Taking the data below, please print only the lines from the line holding "River City 21" to the line holding "Jeans - säljer", inclusive, with pictures omitted.

> Record extracts
***
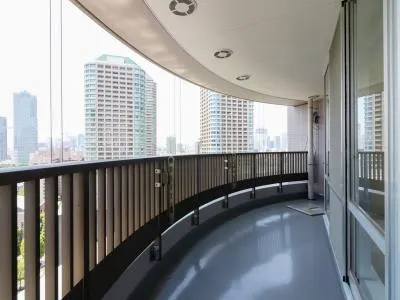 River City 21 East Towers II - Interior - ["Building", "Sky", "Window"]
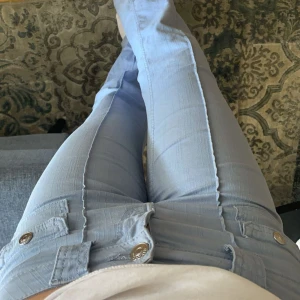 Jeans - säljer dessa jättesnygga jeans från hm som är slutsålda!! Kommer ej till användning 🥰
***
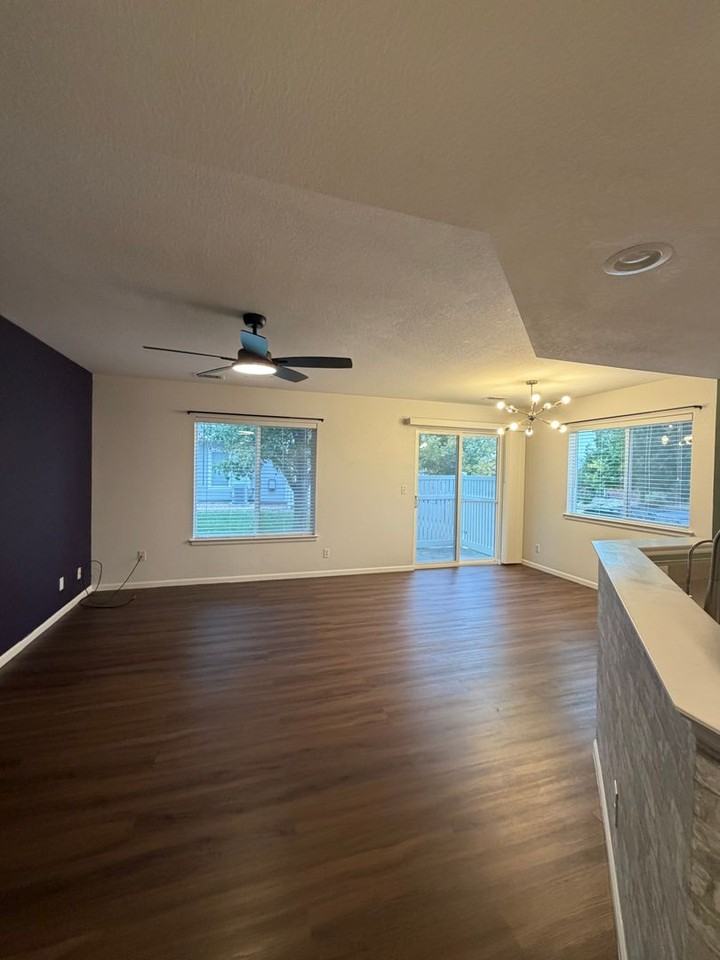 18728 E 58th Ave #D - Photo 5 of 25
***
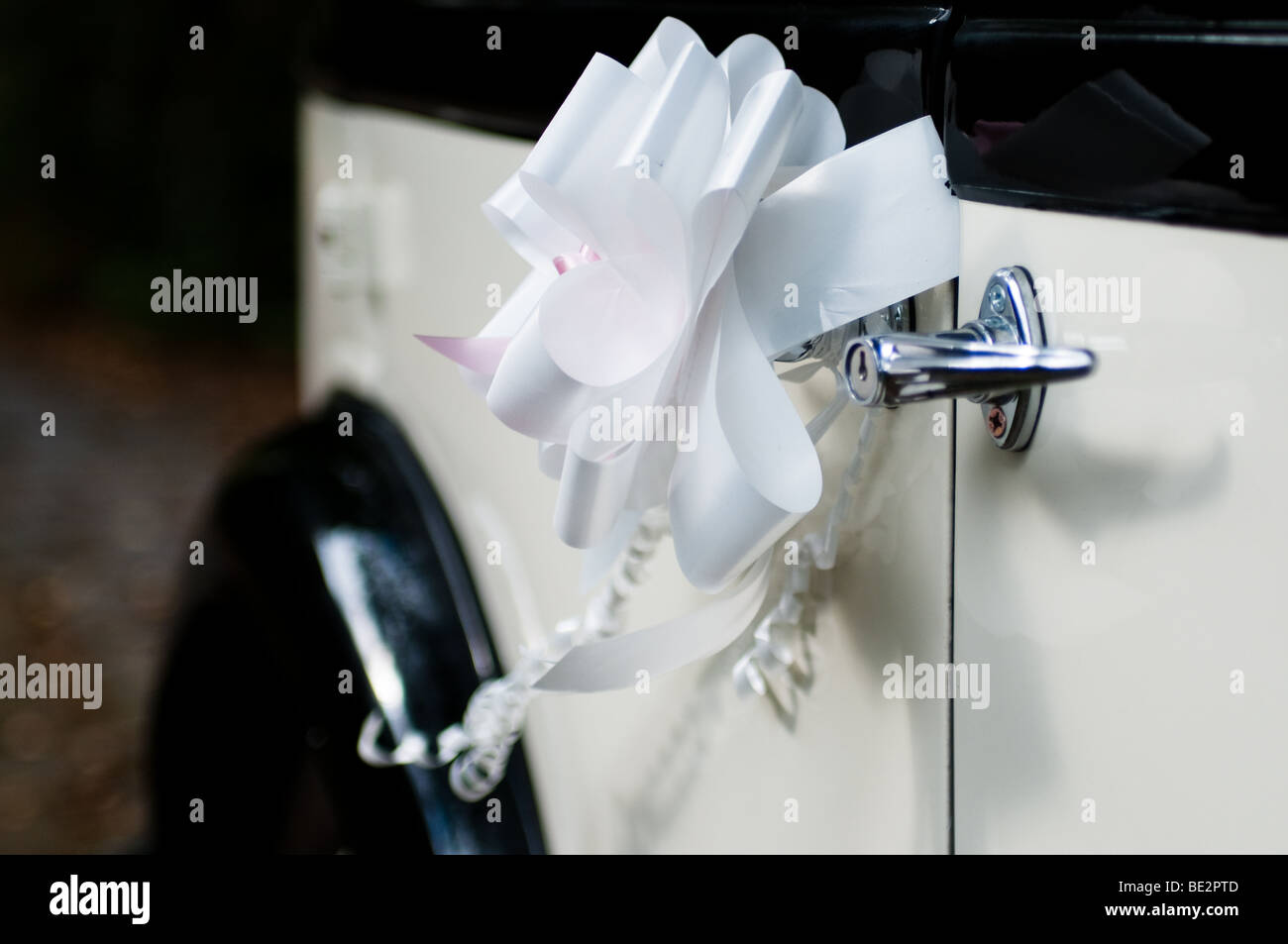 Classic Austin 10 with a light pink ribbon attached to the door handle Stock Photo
***
> Result below
 River City 21 East Towers II - Interior - ["Building", "Sky", "Window"]
 Jeans - säljer dessa jättesnygga jeans från hm som är slutsålda!! Kommer ej till användning 🥰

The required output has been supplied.